FROM THE JOURNAL OF HEPATOLOGY
A new study has found that a strong association exists in adolescents who have obstructive sleep apnea, and their risks of developing more highly progressed forms of nonalcoholic fatty liver disease (NAFLD) or nonalcoholic steatohepatitis (NASH).
“Substantial evidence suggests oxidative stress is a central mediator in NAFLD pathogenesis and progression, although the specific trigger for reactive oxygen species (ROS) generation has not been clearly delineated,” wrote the authors, led by Shikha S. Sundaram, MD of the University of Colorado at Denver, Aurora, adding that “Emerging evidence demonstrates that obesity-related obstructive sleep apnea (OSA) and intermittent nocturnal hypoxia are associated with NAFLD progression.”
Dr. Sundaram and her coinvestigators looked at patients admitted to the Children’s Hospital Colorado Pediatric Liver Center from June 2009 through January 2014. Subjects included were children ages 8-18 years, male and female, who were classified as Tanner stage 2-4 with liver biopsy evidence of NAFLD.
“In our center, a clinical liver biopsy for suspected NAFLD is performed in overweight or obese children (body mass index greater than 85% for age and gender) with chronically elevated aminotransferases in whom a diagnosis is unclear based on serologic testing,” Dr. Sundaram and her coauthors clarified regarding the screening process.
Additionally, age-matched “lean” children, that is, those with a body mass index lower than 85%, were also enrolled as controls; these subjects were included if they had no evidence of hepatomegaly or liver disease – translated to AST and ALT levels of 640 IU/L – and were also Tanner stage 2-4. The authors explained that this Tanner stage range was chosen in order to “minimize variations in insulin sensitivity that may confound the interpretation of potential associations between OSA/hypoxia and NAFLD.”
Ultimately, 36 NAFLD adolescent subjects and 14 controls completed the study.
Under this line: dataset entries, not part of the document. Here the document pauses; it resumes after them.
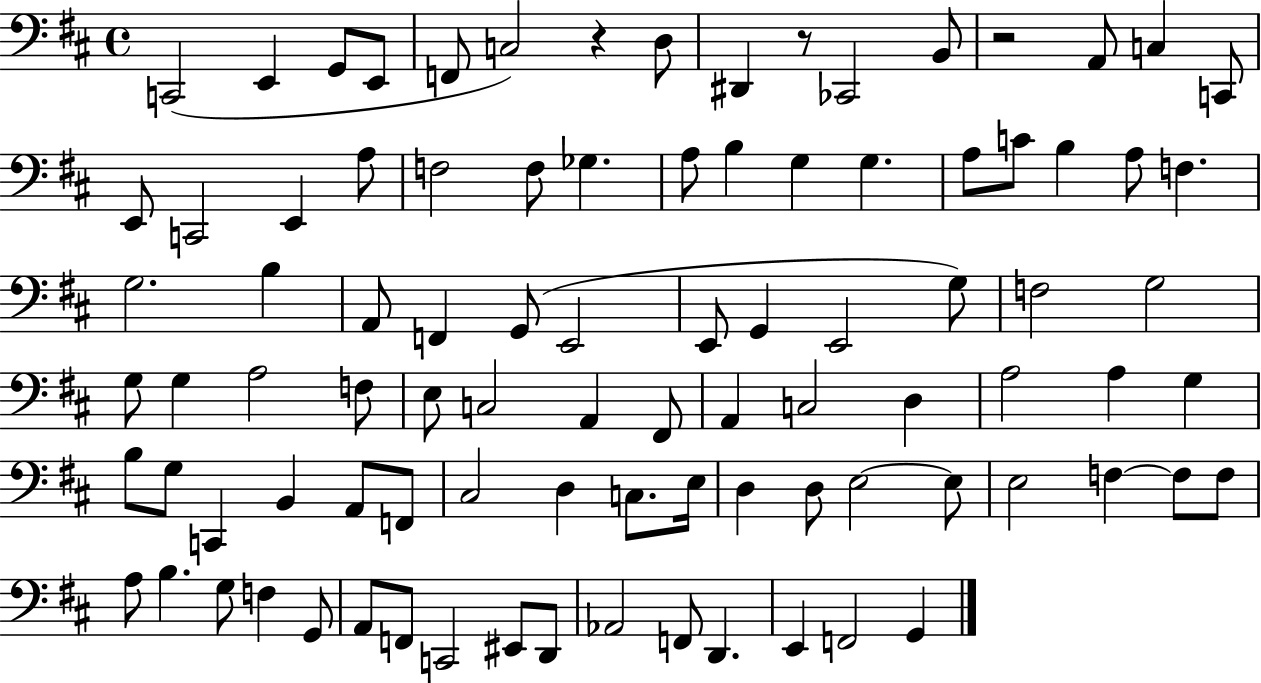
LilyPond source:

{
  \clef bass
  \time 4/4
  \defaultTimeSignature
  \key d \major
  c,2( e,4 g,8 e,8 | f,8 c2) r4 d8 | dis,4 r8 ces,2 b,8 | r2 a,8 c4 c,8 | \break e,8 c,2 e,4 a8 | f2 f8 ges4. | a8 b4 g4 g4. | a8 c'8 b4 a8 f4. | \break g2. b4 | a,8 f,4 g,8( e,2 | e,8 g,4 e,2 g8) | f2 g2 | \break g8 g4 a2 f8 | e8 c2 a,4 fis,8 | a,4 c2 d4 | a2 a4 g4 | \break b8 g8 c,4 b,4 a,8 f,8 | cis2 d4 c8. e16 | d4 d8 e2~~ e8 | e2 f4~~ f8 f8 | \break a8 b4. g8 f4 g,8 | a,8 f,8 c,2 eis,8 d,8 | aes,2 f,8 d,4. | e,4 f,2 g,4 | \break \bar "|."
}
A total of 25 of the 36 NAFLD subjects (69.4%) had OSA and/or nocturnal hypoxia; of these, 15 were classified as having isolated OSA, 9 had both OSA and hypoxia, and 1 had isolated hypoxia. Polysomnograms found that all NAFLD subjects spent more than 12% of their total time asleep in REM sleep, which was deemed adequate enough to consider the findings valid.
Based on liver histology scoring, laboratory testing, urine F2-isoprostanes, and 4-hydroxynonenal liver immunohistochemistry tests that were conducted on all subjects, Dr. Sundaram and her coinvestigators found that subjects with OSA or hypoxia had more severe fibrosis than did those without. While the latter cohort were 100% stage 0-2, only 64% of those with OSA/hypoxia were stage 0-2, while the remaining 36% were stage 3 (P = .03). Additionally, higher F2-isoprostanes – used to measure lipid peroxidation – correlated with apnea/hypoxia index (r = 0.39; P = .03), and the most severe OSA/hypoxia occurred in subjects that had the greatest 4-hydroxynonenal staining (P = .03). Furthermore, an increase in both F2-isoprostanes and 4-hydroxynonenal hepatic staining was shown to lead to a higher risk of worse steatosis: r = 0.32 and r = 0.47, respectively (P = .04 and P = .007).
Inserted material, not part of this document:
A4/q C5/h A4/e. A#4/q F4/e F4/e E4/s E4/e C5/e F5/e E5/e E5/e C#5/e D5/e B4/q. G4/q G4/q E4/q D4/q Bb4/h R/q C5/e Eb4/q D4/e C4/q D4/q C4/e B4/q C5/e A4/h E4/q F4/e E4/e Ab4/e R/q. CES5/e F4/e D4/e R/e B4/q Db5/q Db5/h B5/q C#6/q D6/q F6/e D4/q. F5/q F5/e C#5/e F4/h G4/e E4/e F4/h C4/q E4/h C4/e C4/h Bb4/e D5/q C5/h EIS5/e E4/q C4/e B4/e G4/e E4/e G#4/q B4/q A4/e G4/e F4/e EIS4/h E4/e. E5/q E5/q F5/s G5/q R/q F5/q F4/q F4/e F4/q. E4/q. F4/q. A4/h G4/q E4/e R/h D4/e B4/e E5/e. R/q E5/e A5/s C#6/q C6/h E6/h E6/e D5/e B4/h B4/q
“These data support sleep disordered breathing as an important trigger of oxidative stress that promotes progression of pediatric NAFLD to NASH,” the authors concluded, adding that “this study confirms that OSA/hypoxia is common in pediatric NAFLD and that more severe OSA/hypoxia is associated with elevated aminotransferases, hepatic steatosis, inflammation, NAS [NAFLD activity score], and fibrosis.”
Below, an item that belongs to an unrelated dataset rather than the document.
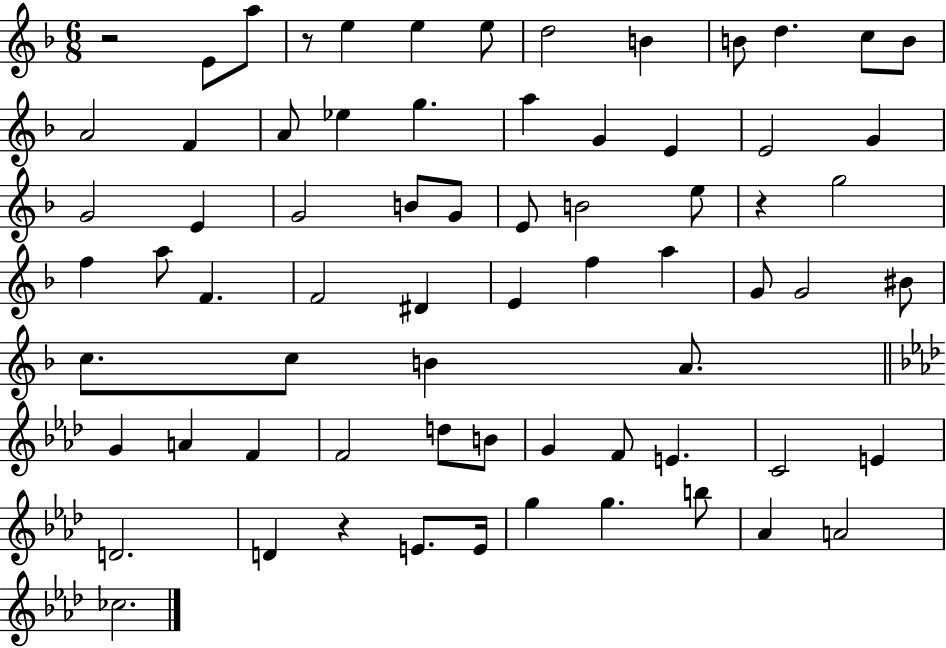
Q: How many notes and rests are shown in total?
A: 70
Dr. Sundaram and her coauthors call for further research to examine if “prevention or reversal of NASH following effective therapy of OSA and nocturnal hypoxia in obese patients” is viable.
This study was supported by funding from the National Institutes of Health. Dr. Sundaram and her coinvestigators did not report any relevant financial disclosures.